Mauro Balaguer seguía opinando que razón tenía, sobre todo a la vista de que con el paso del tiempo se había demostrado la validez de la integración de las mujeres en las fuerzas armadas de la mayor parte de los países occidentales, incluida la propia Alemania. Tal vez el esfuerzo de seis millones de mujeres bien entrenadas hubiera alterado el curso de la guerra, o al menos habría conseguido contener el avance enemigo hasta que las tan temidas y cacareadas armas secretas del Führer hubieran estado a punto. No obstante, optó por no insistir sobre el tema, permitiendo que fuera su anfitriona quien continuara con el uso de la palabra.

—Como disponía del juego de ganzúas que me había proporcionado la «Mondragón» —dijo—, y pese a que los jodidos candados se resistían como si lo que guardaban fuera suyo, uno de los fines de semana en que Irma solía ir al pueblo en busca de pan, queso, mantequilla, huevos o carne conseguí abrirlos.
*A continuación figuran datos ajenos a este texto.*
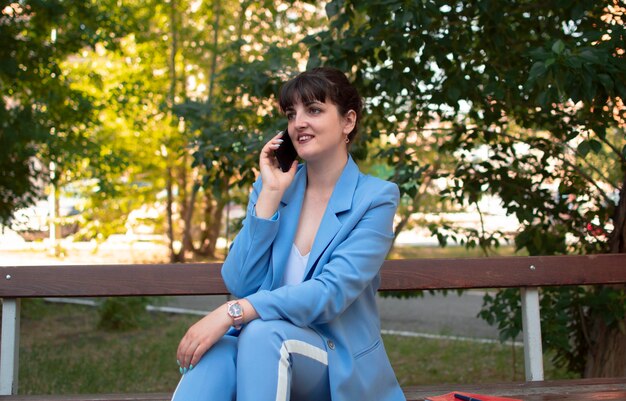 세련 된 옷을 입고 사무실 근처 휴대 전화를 호출 하는 세련 된 웃는 비즈니스 여자의 초상화. 여성의 비즈니스 스타일.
—¿No pretenderá hacerme creer que Irma trapicheaba en el mercado negro? —protestó su incrédulo acompañante—. No me cuadra con su fama, su forma de comportarse o cuanto se ha escrito sobre ella.

—No era «mercado negro», era simplemente hambre —le contradijo sin acritud la cordobesa—. Por lo general, «mercado negro» se considera negociar con mercancías, sobre todo alimentos en periodos de escasez, y lo que hacía Irma era aprovechar su rango con el fin de «adquirir víveres para consumo propio», porque si la sorprendían revendiéndolos la habrían acusado de una falta muchísimo más grave que desollar muchachas a latigazos. Las leyes nacionalsocialistas eran muy estrictas al respecto y podían fusilarte hasta por eructar, aunque no recuerdo que nadie eructase porque nadie comía lo suficiente.
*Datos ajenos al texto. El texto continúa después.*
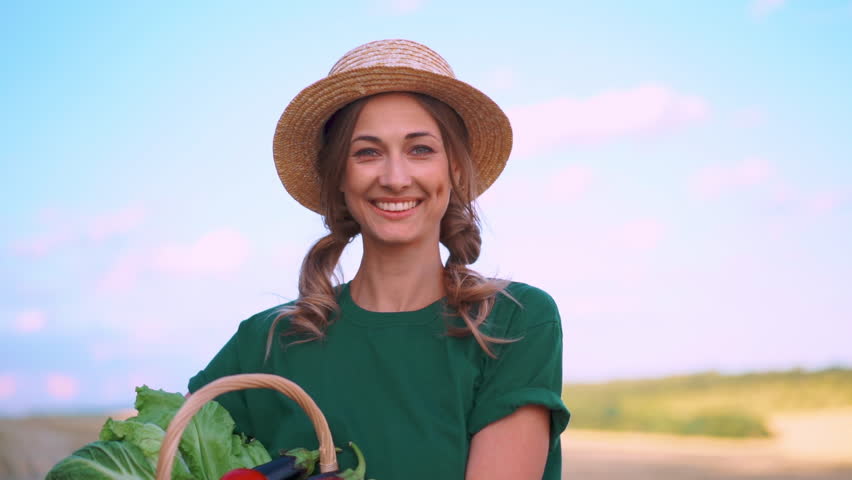 Woman farmer in straw hat holding basket full of vegetables standing on farmland. Portrait of smiling female agronomist specialist farming agribusiness looking at camera.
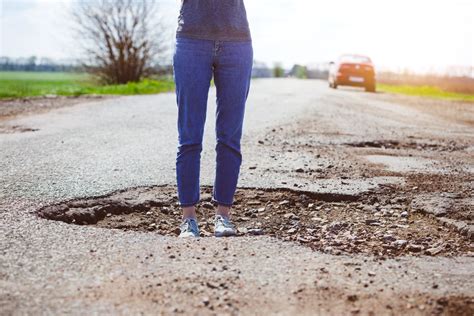 Why you Should Avoid Potholes on the Road - Advanced Transmissions & Emissions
—Coletilla a todas luces innecesaria… —apostilló con marcada intención y ánimo de revancha Mauro Balaguer.

—Nada que alivie la tensión en unos momentos especialmente difíciles resulta innecesario, querido, y recuerdo que en ocasiones, cuando me encontraba a solas en aquel mísero habitáculo tan oscuro, húmedo y hediondo como un mausoleo en el que me hubieran enterrado en vida, lo único que me relajaba era alzar la pierna y dedicarle a la fotografía de la pared un sonoro cuesco. «!
Pal
Führer!», exclamaba, y eso me permitía reírme mientras persistiera el mal olor… —Tras una corta pausa concluyó—: Aún le dedico alguno que otro…
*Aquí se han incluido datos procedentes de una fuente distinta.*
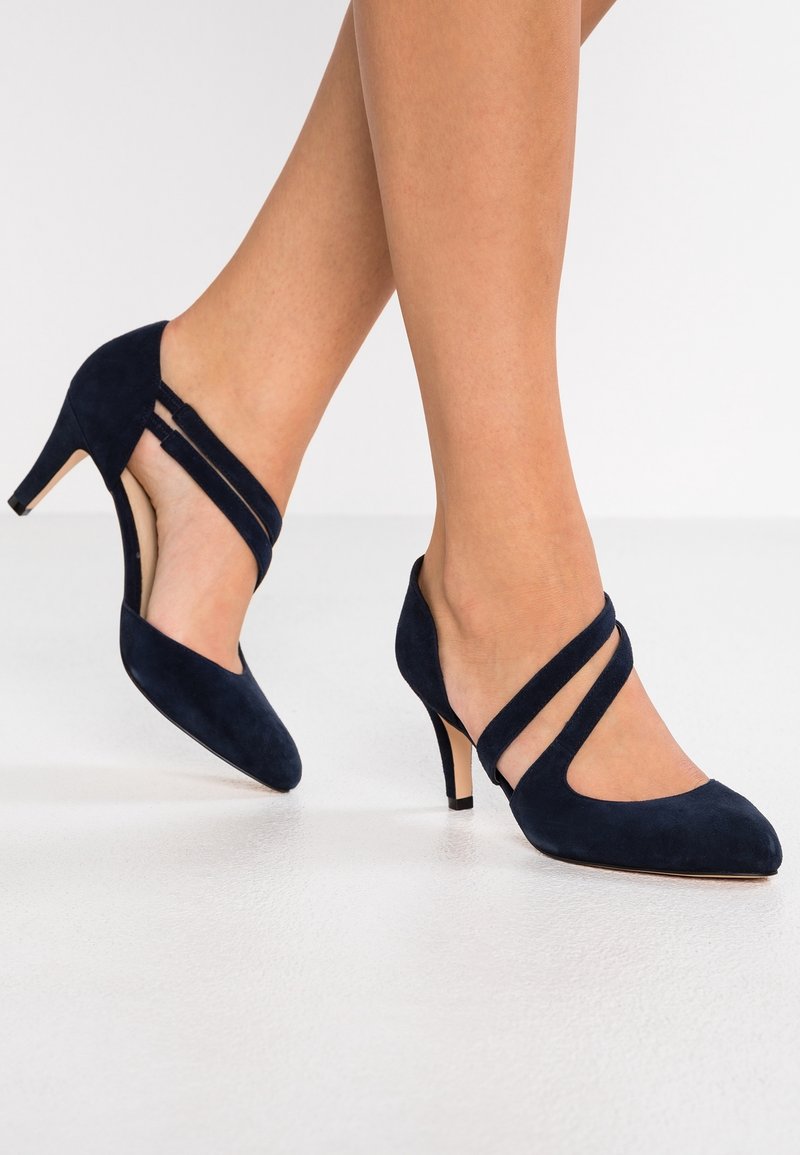 Pieds portant des talons hauts en daim bleu marine avec deux brides diagonales sur le dessus, debout sur un sol blanc.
—La creo porque a estas alturas ya no me queda otro remedio que creer cuanto me diga por brutal o escatológico que sea —se vio obligado a reconocer el editor—. ¿Qué ocurrió cuando consiguió abrir los candados?

—Que me llevé varias sorpresas; la primera el hecho de que, además de armas, contenía un frasco con una calavera, y no era precisamente una insignia de las SS, sino una de esas etiquetas que advierten de que se trata de un veneno rápido y letal.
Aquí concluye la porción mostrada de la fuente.